Sometimes the key is too high, or the melody too…something. Sometimes the dance beat is too difficult to recreate on a single guitar. Sometimes they’re written too explicitly from a female or feminine perspective. None of which in itself is a big deal, but contributes to enough awkwardness that I don’t wind up learning the songs to a degree where I play them for other people.

Historically this has been true nearly across the board, with a few pop songs by female artists making ironic appearances alongside Notorious BIG covers once it’s late enough into the night or the jam. The list of songs written by women that are part of my repertoire is pretty weak, if not non-existant.

On a certain level, this is a matter of taste, sure. Why shouldn’t I play what I like to play? What’s easy to play? That feels like me? However, on another, I share the songs I play with a lot of people; I teach young people about the culture of musicianship, songwriting, and developing one’s own voice, both as an interpreter of other people’s songs, and a writer of originals. To present only my own perspective, or one which makes me comfortable, seems unfair to the myriad ways my students perceive and approach the world, and their music.

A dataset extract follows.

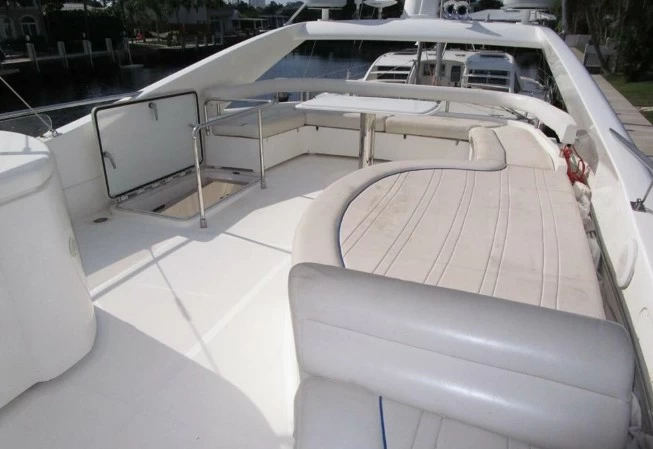 18米法拉帝(Ferretti)590飞桥游艇价格50万美元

This is why I’ve decided to spend my time playing music for school this semester playing and performing songs written by women. I’m not play it ironically, insulating myself from whatever vulnerabilities arise in the performances with humour or distance.

And I’m going to leave the pronouns the same, because if it makes me uncomfortable to sing about Taylor’s “Stephen,” or about “his hands [being] in my hair,” I do enjoy the ability (one might say privilege) of challenging that discomfort so that it’s more acceptable for young men who know all the words to Taylor Swift, or Beyonce, or Lady Gaga’s songs to take the stage and belt it out.

Because these songs weren’t written as larks, or trivial, or silly: they were and are manifestations of tone,  character, and theme. They are expressions of an aesthetic in the tradition of songsmiths, where male voices have been disproportionately taken seriously as a matter of course by virtue of arising from male mouths.

Even Taylor Swift’s own songs became more highly regarded by critics once Mr. Adams had sung them. Ian Crouch at the New Yorker (which reviewed Adams’ record, but not Swift’s) wrote:

If anything, Adams’s version of “1989” is more earnest and, in its way, sincere and sentimental than the original.

There are a bunch of men’s songs I’ve shared and performed and taught the class in the past, and no doubt there will be in future semesters. But not because they’re any more sincere, authentic, or otherwise superior to any woman’s music.

And if that’s the case, I’d like to work to balance my catalogue of songs accordingly.